*Instructions to follow*.
Write out, word for word and with no pictures, each line below from the one containing "한국 chic 디자인" through the one containing "Pier 1 Imports", both included, and no other line.

*Material shown*.
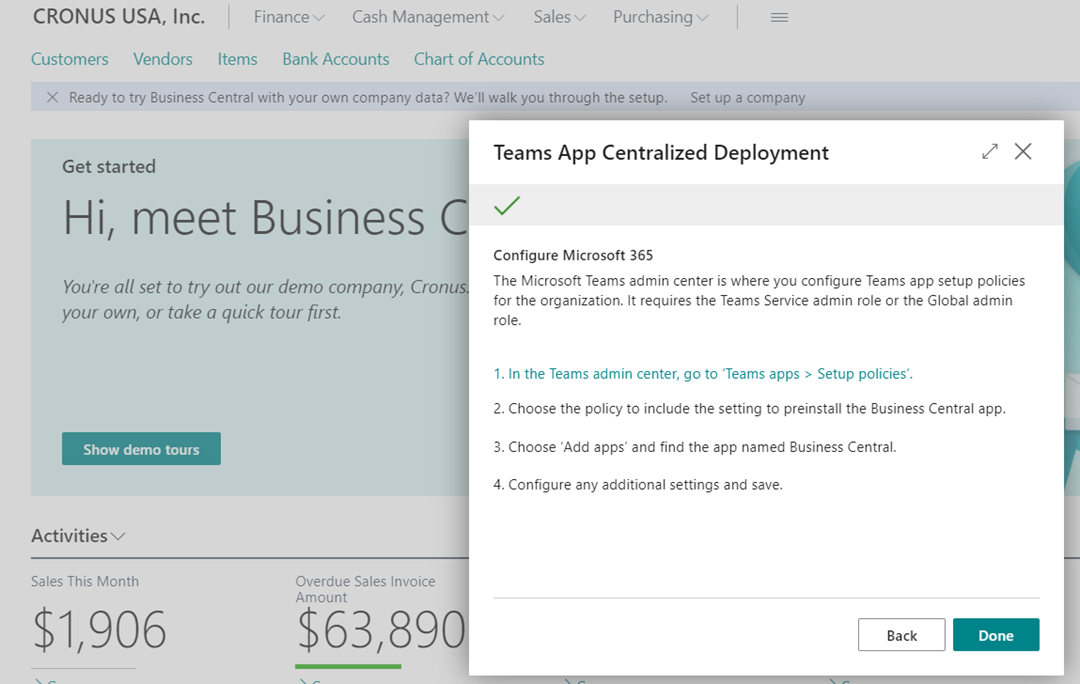 Screenshot showing a successful Teams App Centralized Deployment.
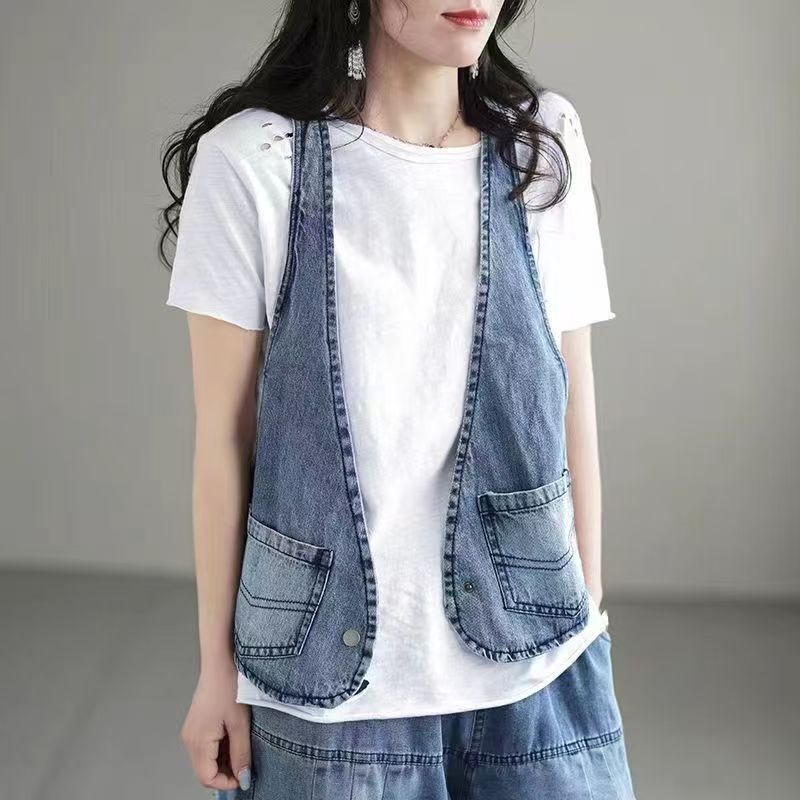 한국 chic 디자인 센스 개성 데님 조끼 여자 워크웨어 장식 재킷 여름 슬립 로얄 자매 조끼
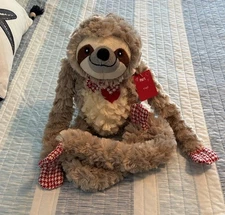 Pier 1 Imports Virgil the Stuffed Valentine's Day Sloth Plush Animal Brand New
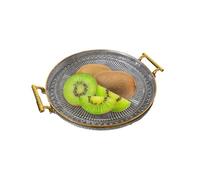 Bol de service rond doré Assiette à fruits double capital Étagère commerciale claire - Salle de service - Cuisine - Assiette à fruits - Snack - Sang de café - Bol de poitrine doré - Assiette à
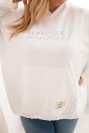 Damen Hoodie Plus Size mit Kapuze und Druck ecru
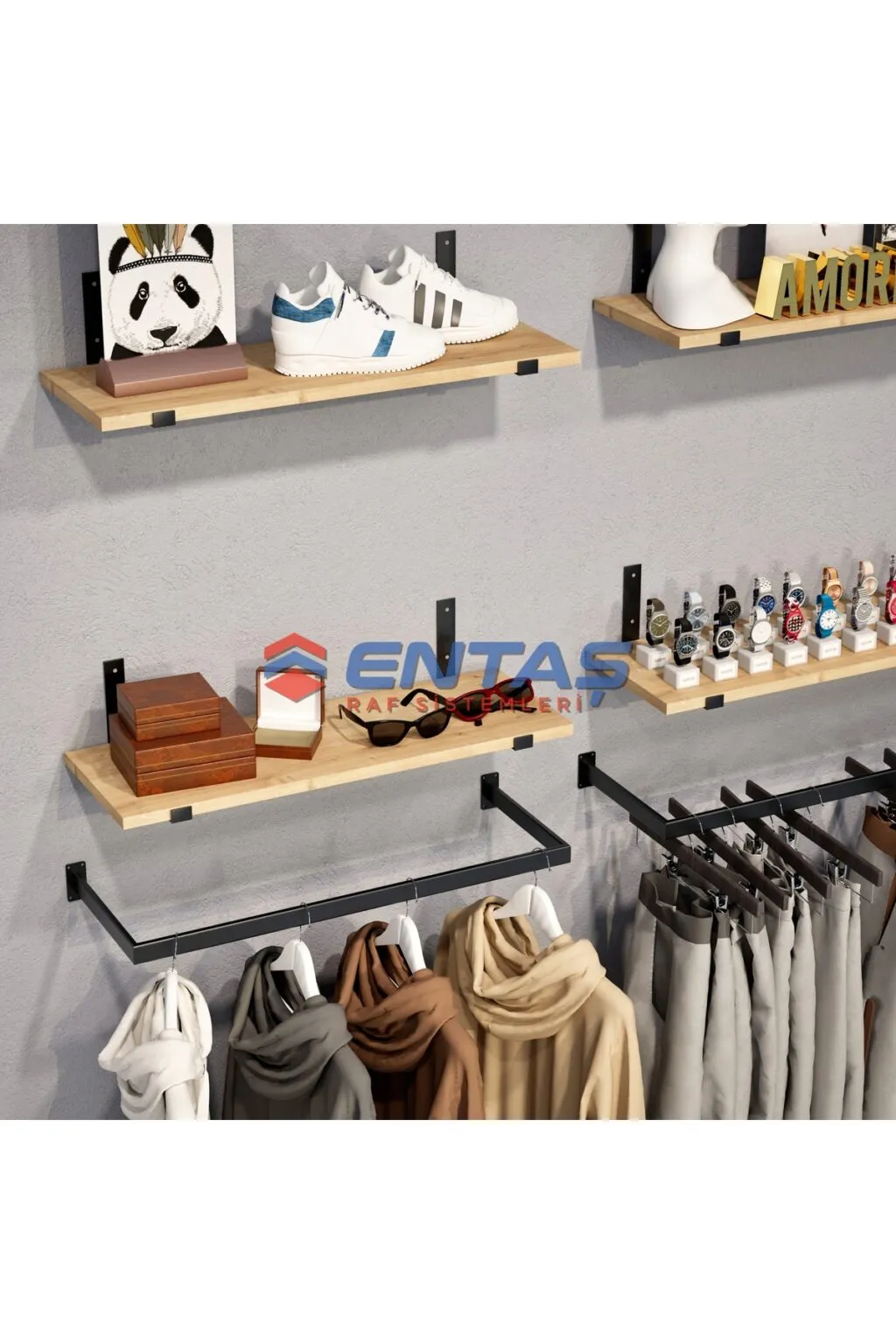130*H:220,Giyinme Odası Rafı,Askılık Sistemi, Mağaza Raf Sistemi,Butik Raf Sistemi - Görsel 3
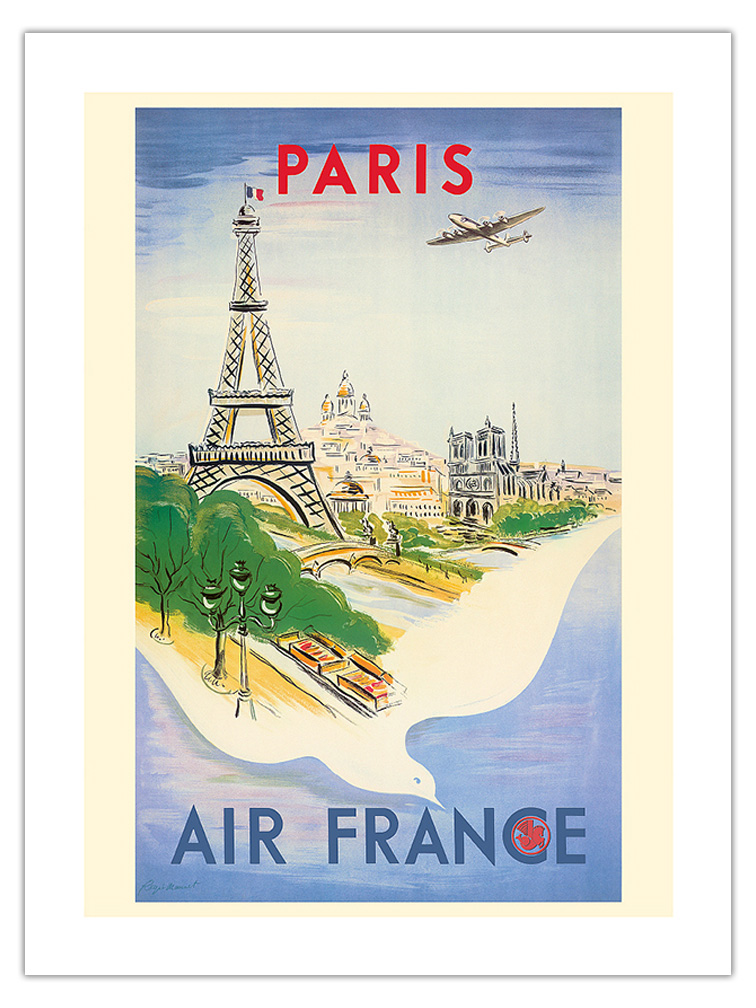 Paris - Eiffel Tower - Vintage Air France Travel Poster by R�gis Manset 1947 - Picture 11 of 23
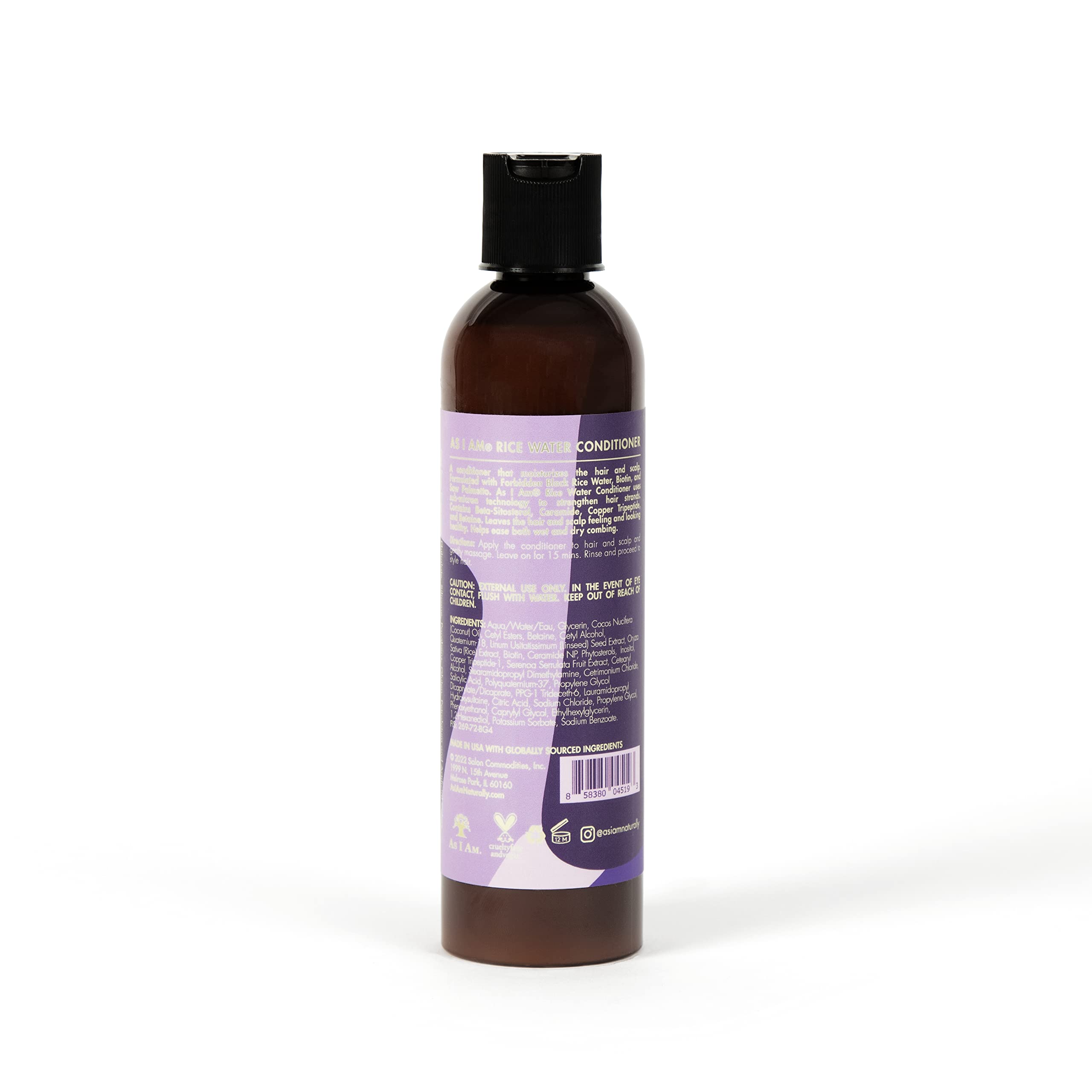 AS I AM Rice Water Conditioner 8oz label close-up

*Result*.
 한국 chic 디자인 센스 개성 데님 조끼 여자 워크웨어 장식 재킷 여름 슬립 로얄 자매 조끼
 Pier 1 Imports Virgil the Stuffed Valentine's Day Sloth Plush Animal Brand New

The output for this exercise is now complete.